*WHAT NEEDS TO BE DONE:*
Pictures in the entries below are excluded; copy only the lines from the one containing "суд жараёни бошланди" to the one containing "Villa มัลเชซิเน ภายนอก รูปภาพ", both included.

*DATA TO USE:*
<<<<

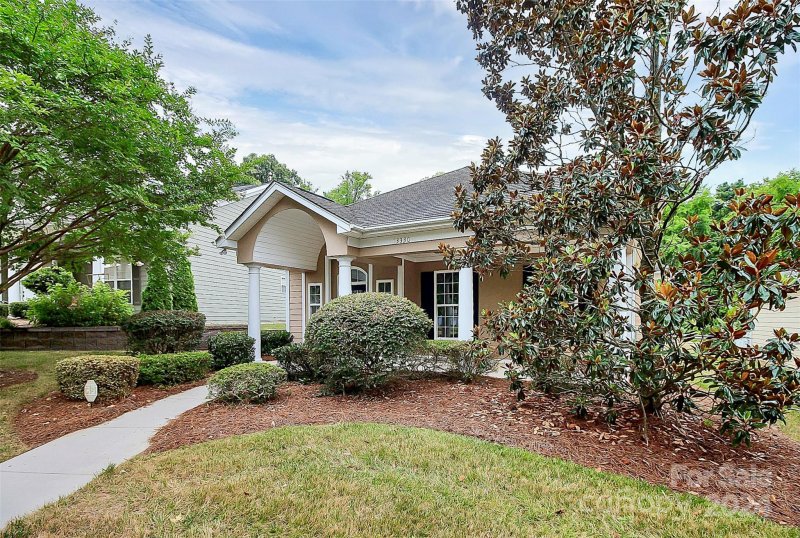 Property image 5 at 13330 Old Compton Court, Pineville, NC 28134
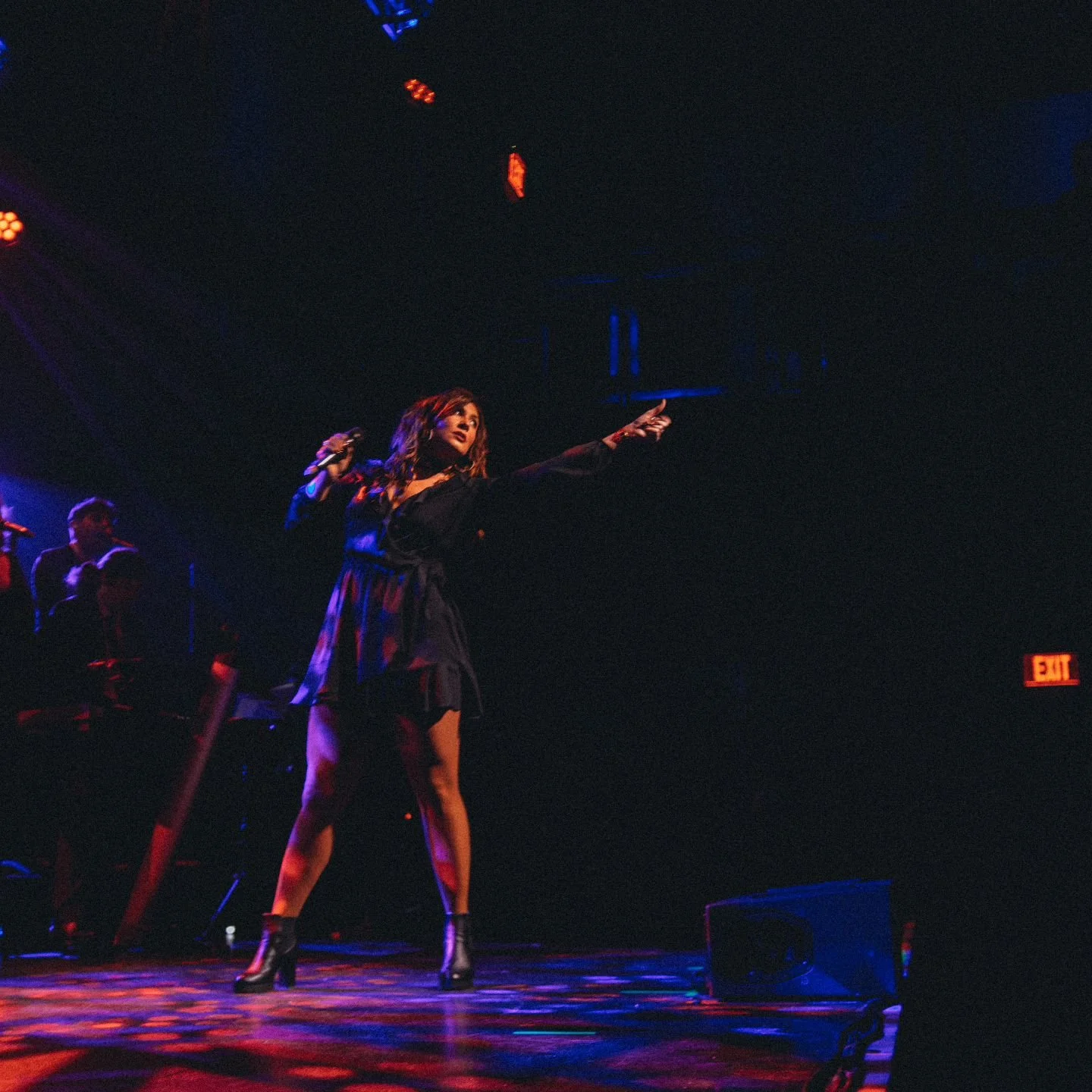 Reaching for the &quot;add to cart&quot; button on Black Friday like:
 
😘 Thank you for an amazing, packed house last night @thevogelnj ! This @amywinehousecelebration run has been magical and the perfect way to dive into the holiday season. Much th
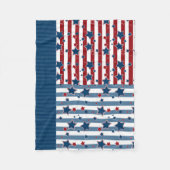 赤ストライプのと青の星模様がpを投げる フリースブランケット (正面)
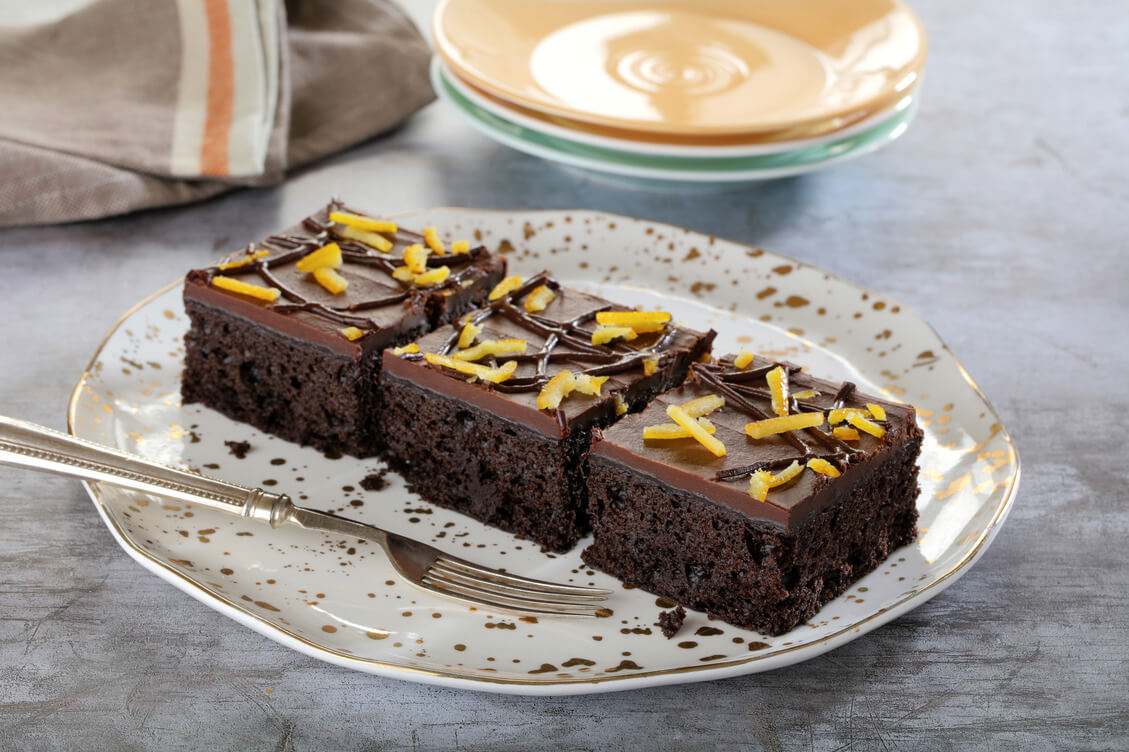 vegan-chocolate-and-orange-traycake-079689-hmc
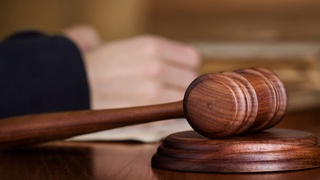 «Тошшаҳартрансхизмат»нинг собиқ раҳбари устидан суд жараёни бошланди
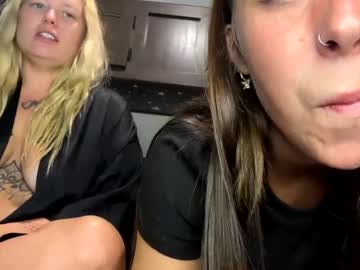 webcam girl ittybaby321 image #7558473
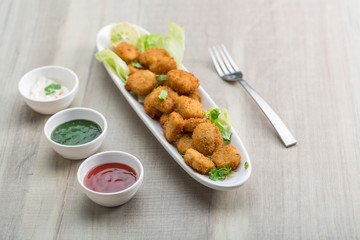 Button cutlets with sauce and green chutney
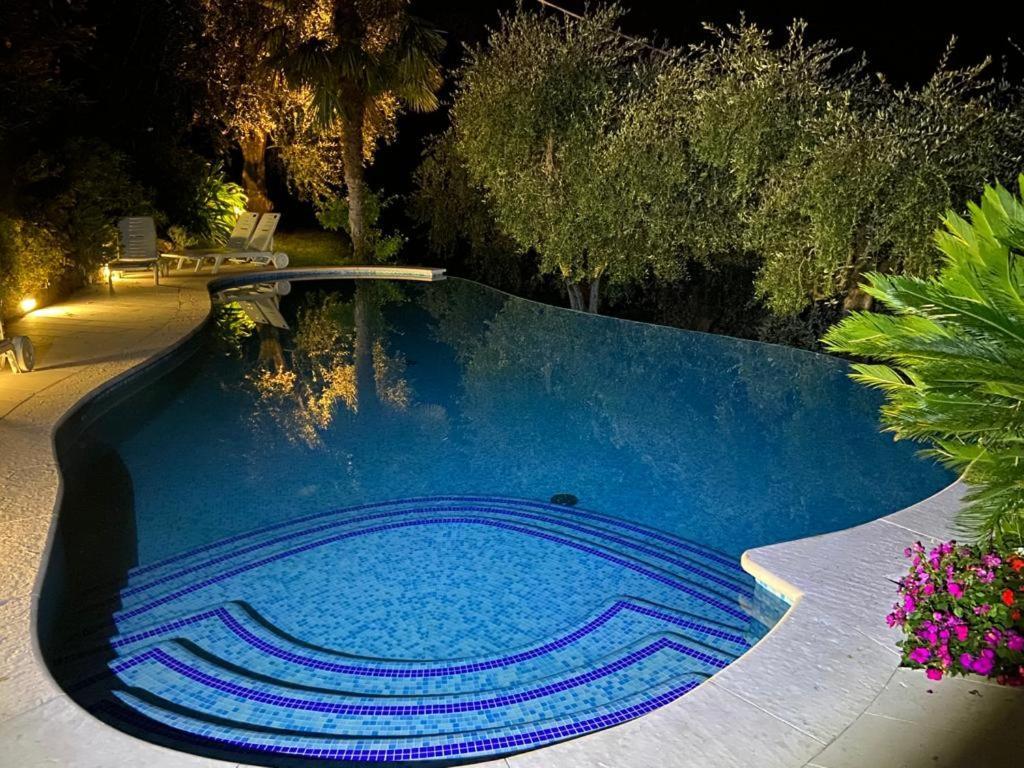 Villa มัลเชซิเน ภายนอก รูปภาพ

>>>>
<<<<

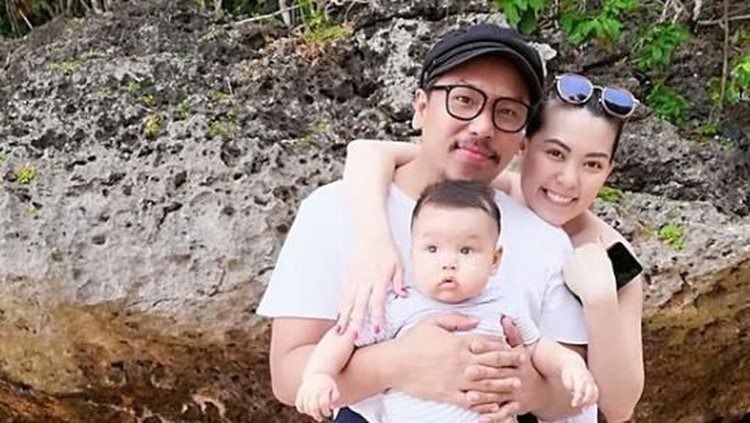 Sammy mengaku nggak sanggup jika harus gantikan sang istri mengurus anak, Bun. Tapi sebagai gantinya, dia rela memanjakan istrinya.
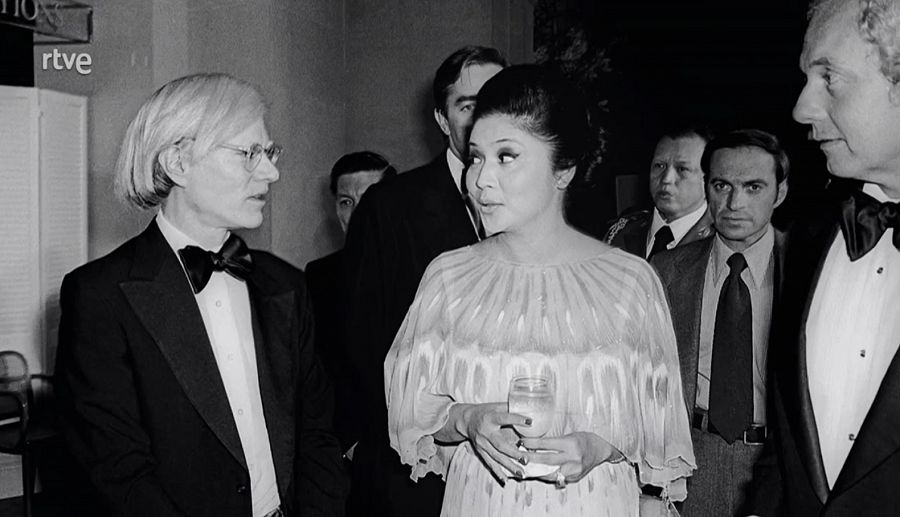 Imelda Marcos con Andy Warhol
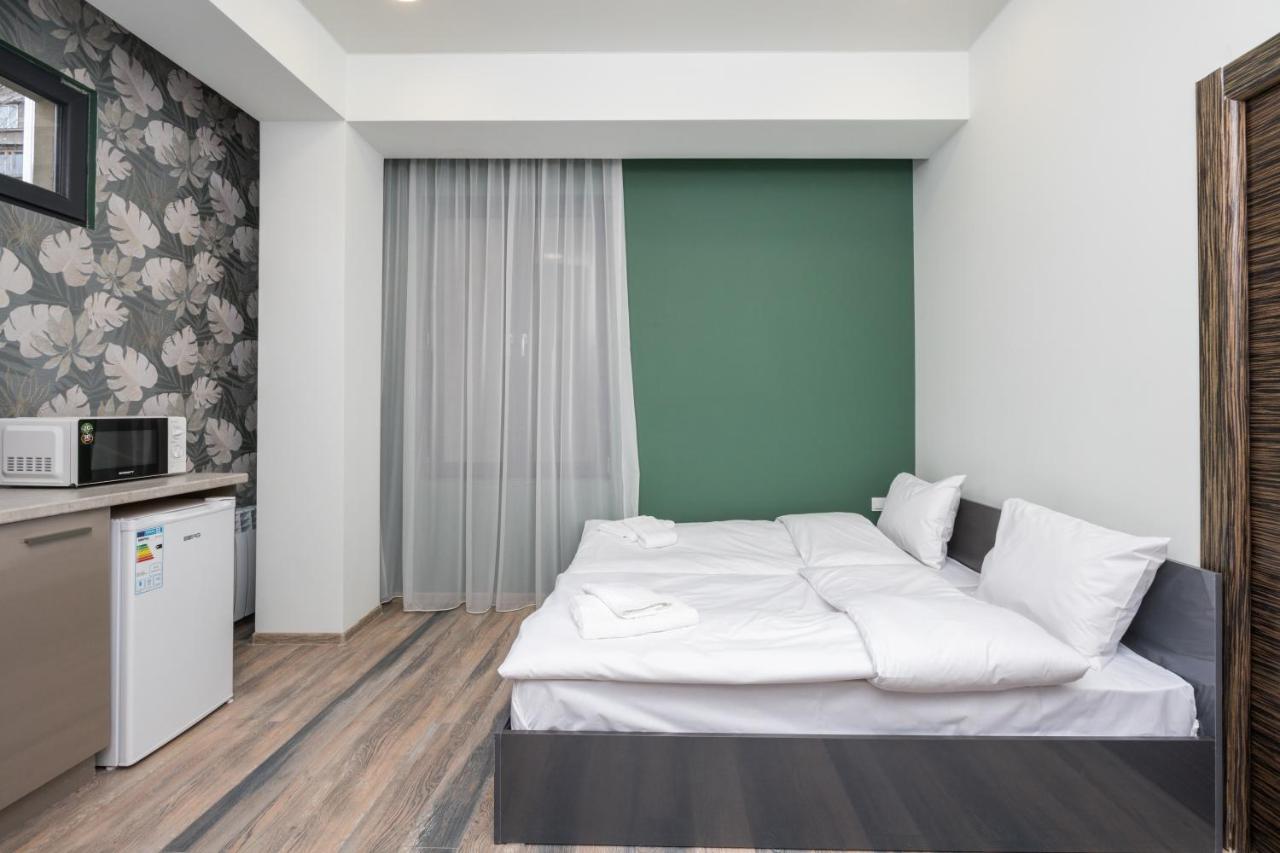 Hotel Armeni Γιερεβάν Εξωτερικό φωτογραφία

>>>>

*ANSWER BOX:*
 «Тошшаҳартрансхизмат»нинг собиқ раҳбари устидан суд жараёни бошланди
 webcam girl ittybaby321 image #7558473
 Button cutlets with sauce and green chutney
 Villa มัลเชซิเน ภายนอก รูปภาพ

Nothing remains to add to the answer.